(Image-text web data)
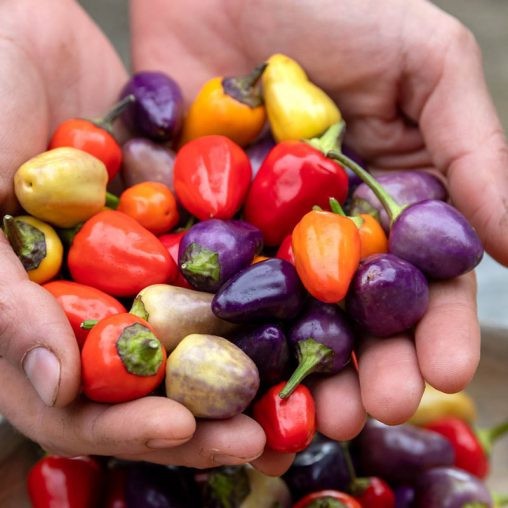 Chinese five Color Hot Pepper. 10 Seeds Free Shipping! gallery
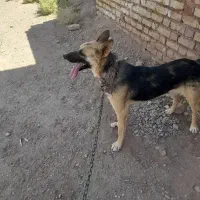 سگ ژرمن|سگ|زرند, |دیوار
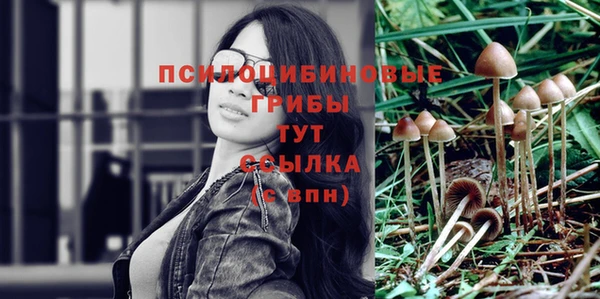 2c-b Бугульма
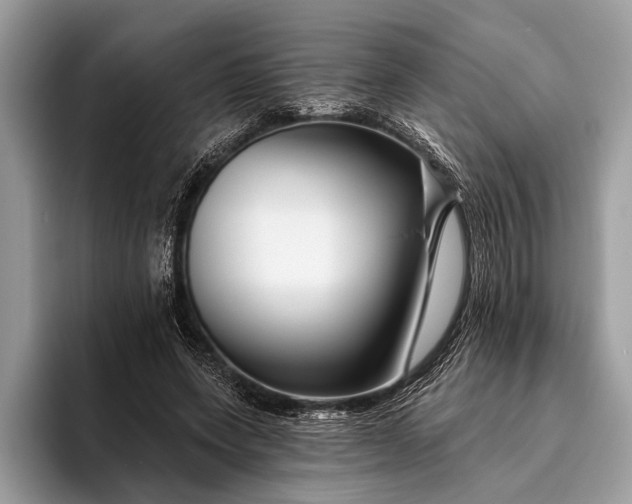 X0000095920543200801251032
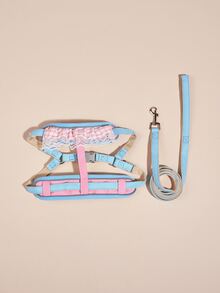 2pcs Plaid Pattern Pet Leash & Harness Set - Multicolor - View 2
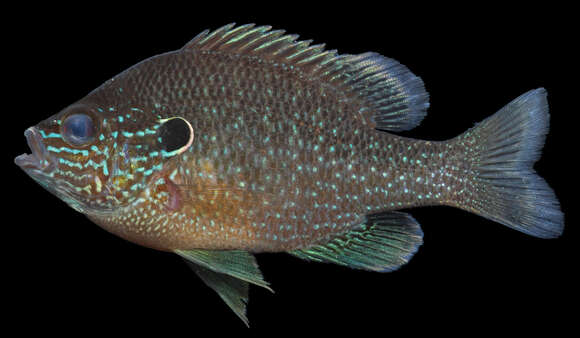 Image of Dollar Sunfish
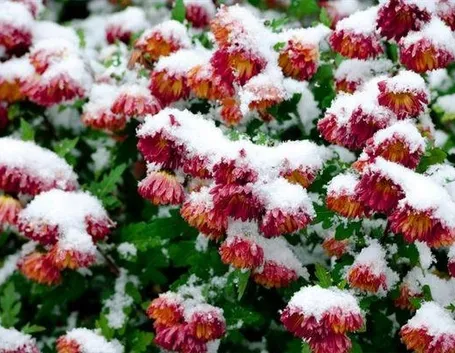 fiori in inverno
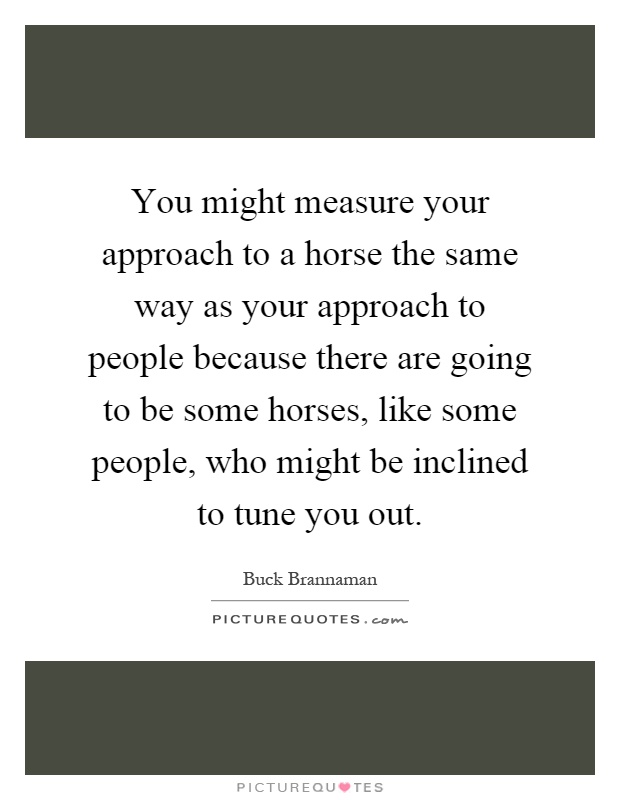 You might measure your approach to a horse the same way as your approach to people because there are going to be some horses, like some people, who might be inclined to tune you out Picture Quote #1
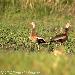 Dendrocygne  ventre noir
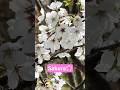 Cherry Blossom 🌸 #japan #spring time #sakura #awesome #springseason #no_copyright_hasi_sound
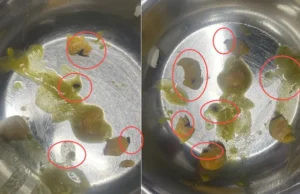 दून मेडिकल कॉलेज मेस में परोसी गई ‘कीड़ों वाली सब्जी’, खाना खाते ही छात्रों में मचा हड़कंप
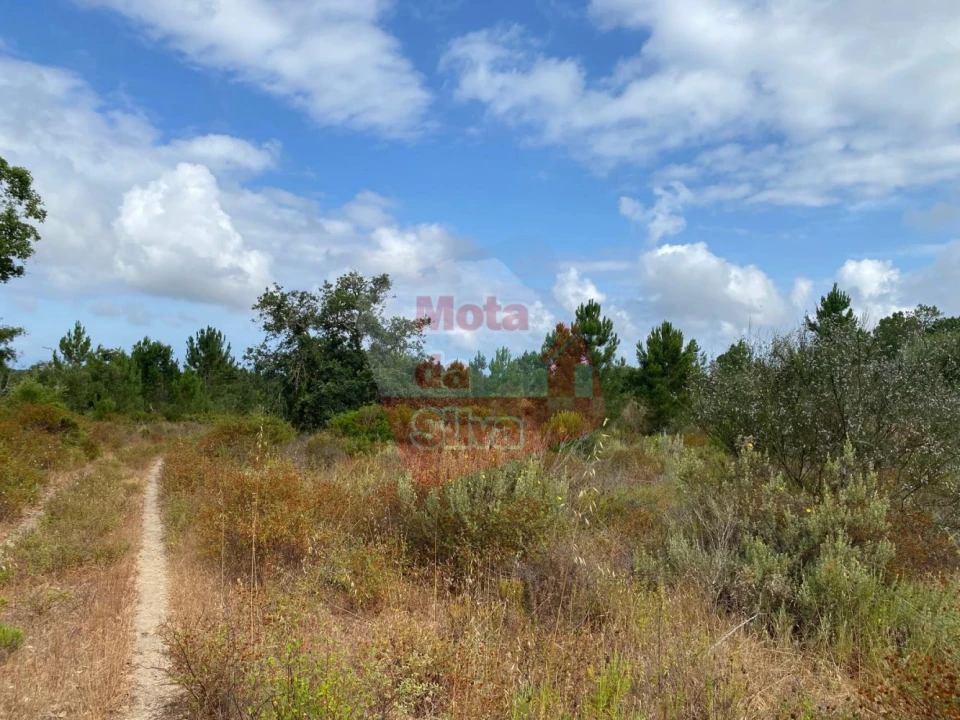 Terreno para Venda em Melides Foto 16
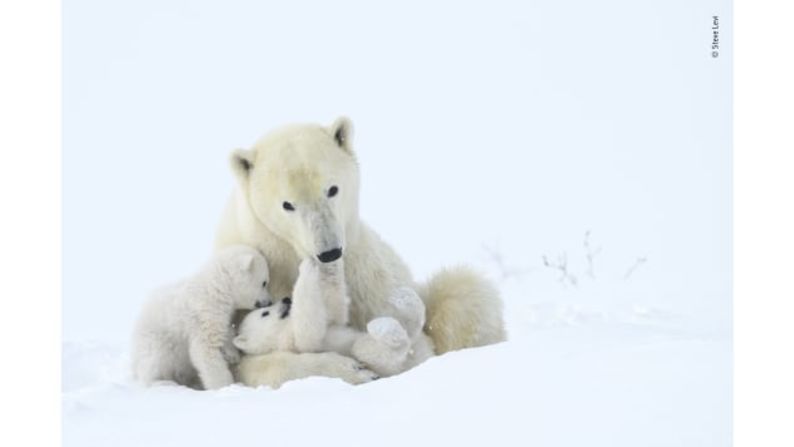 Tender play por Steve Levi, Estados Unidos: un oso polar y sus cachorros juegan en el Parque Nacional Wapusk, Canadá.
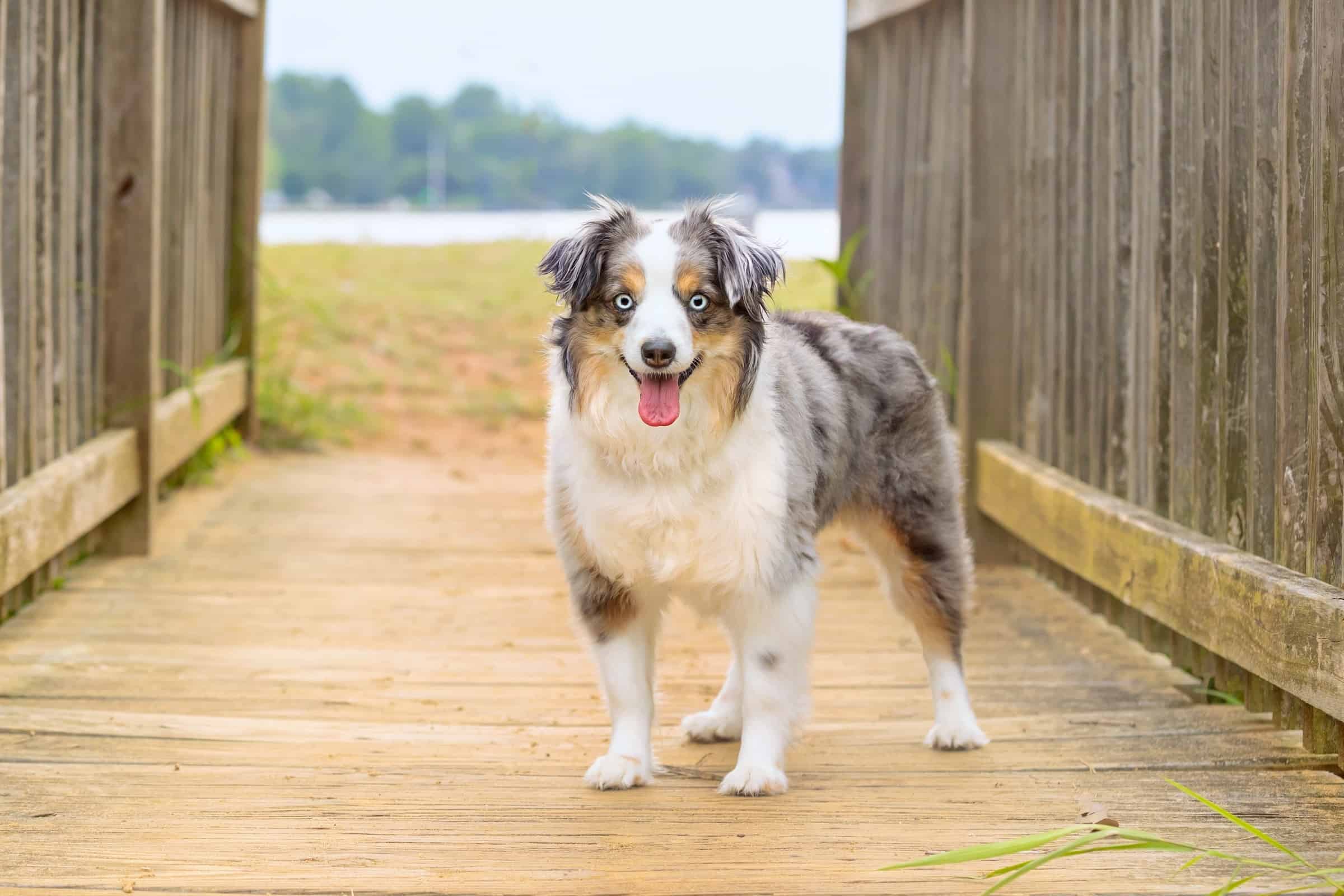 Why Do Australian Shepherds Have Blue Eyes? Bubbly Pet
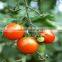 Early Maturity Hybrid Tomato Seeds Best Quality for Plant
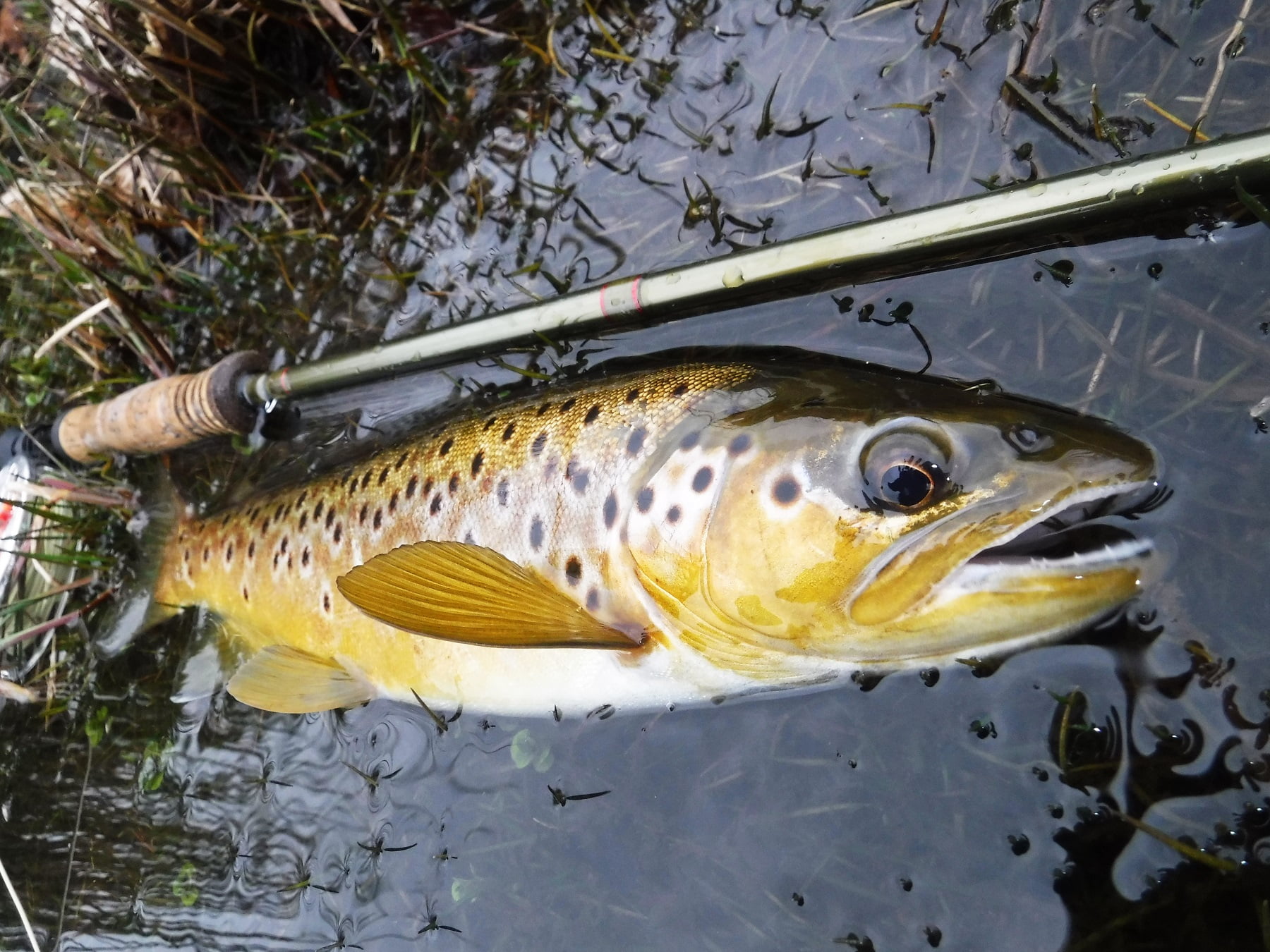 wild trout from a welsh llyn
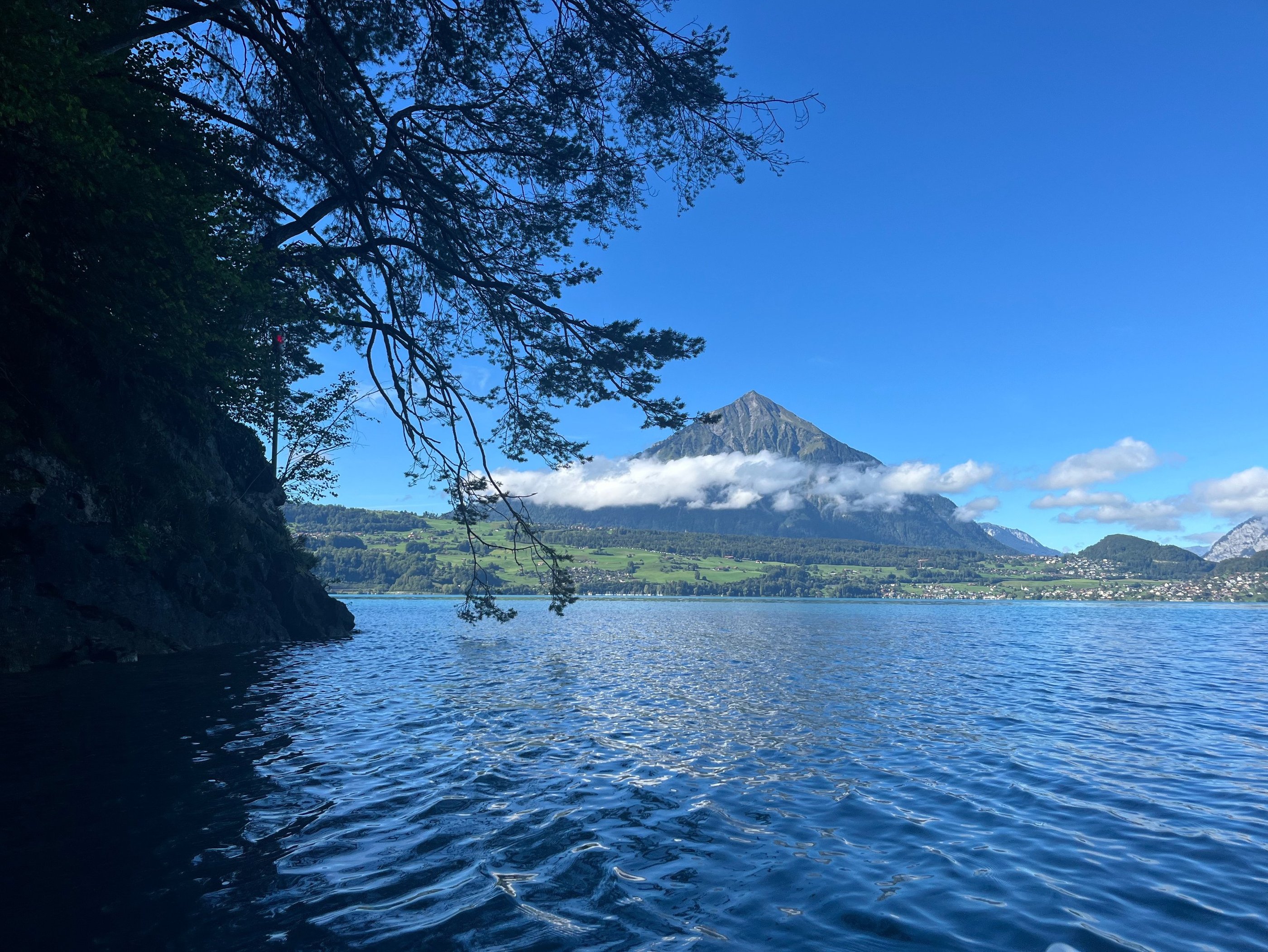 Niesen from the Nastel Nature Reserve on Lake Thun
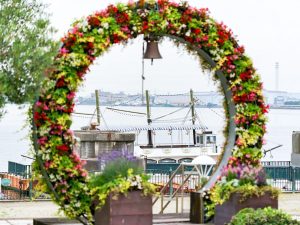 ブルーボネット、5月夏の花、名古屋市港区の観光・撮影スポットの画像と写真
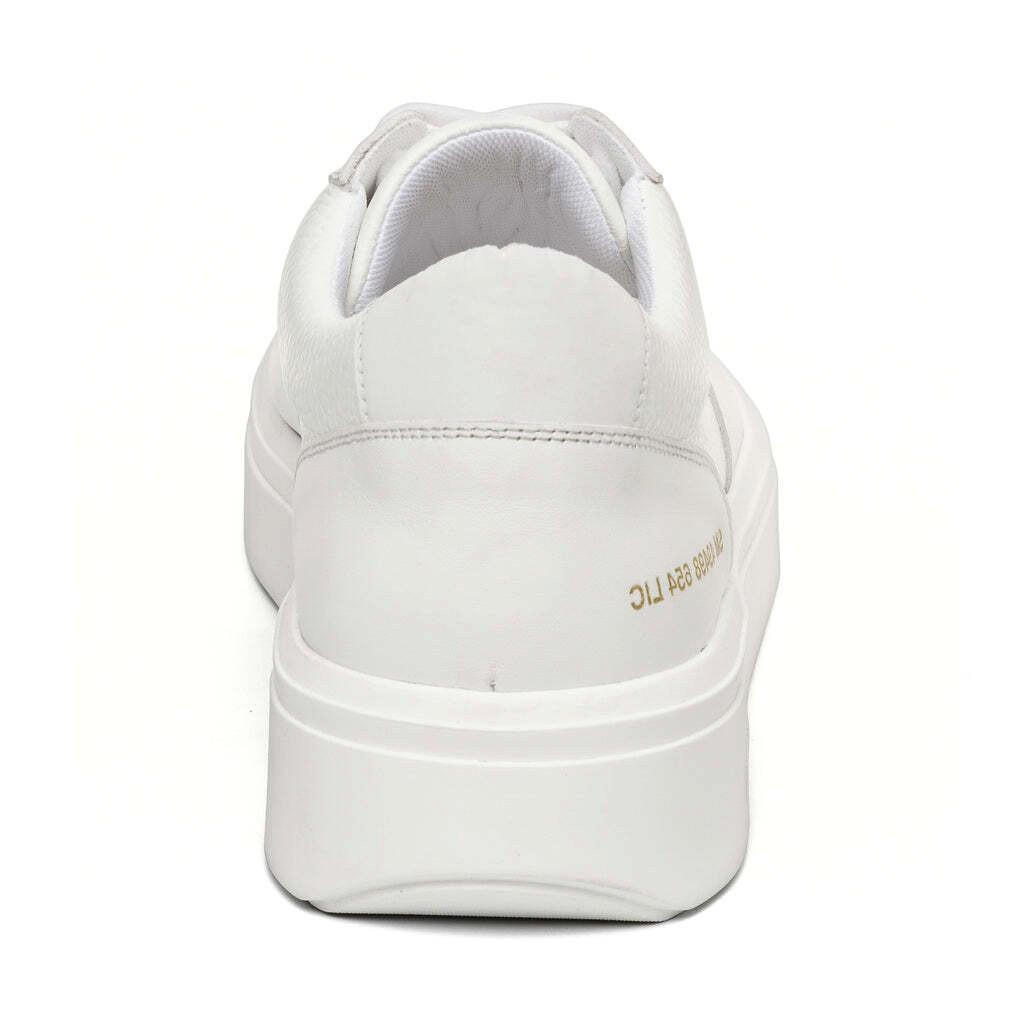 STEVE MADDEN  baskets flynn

Task to complete – What you give back must match the lines from the start of the records through the line that contains "fiori in inverno", exactly, with the pictures left out.

Written response –
 Chinese five Color Hot Pepper. 10 Seeds Free Shipping! gallery
 سگ ژرمن|سگ|زرند, |دیوار
 2c-b Бугульма
 X0000095920543200801251032
 2pcs Plaid Pattern Pet Leash & Harness Set - Multicolor - View 2
 Image of Dollar Sunfish
 fiori in inverno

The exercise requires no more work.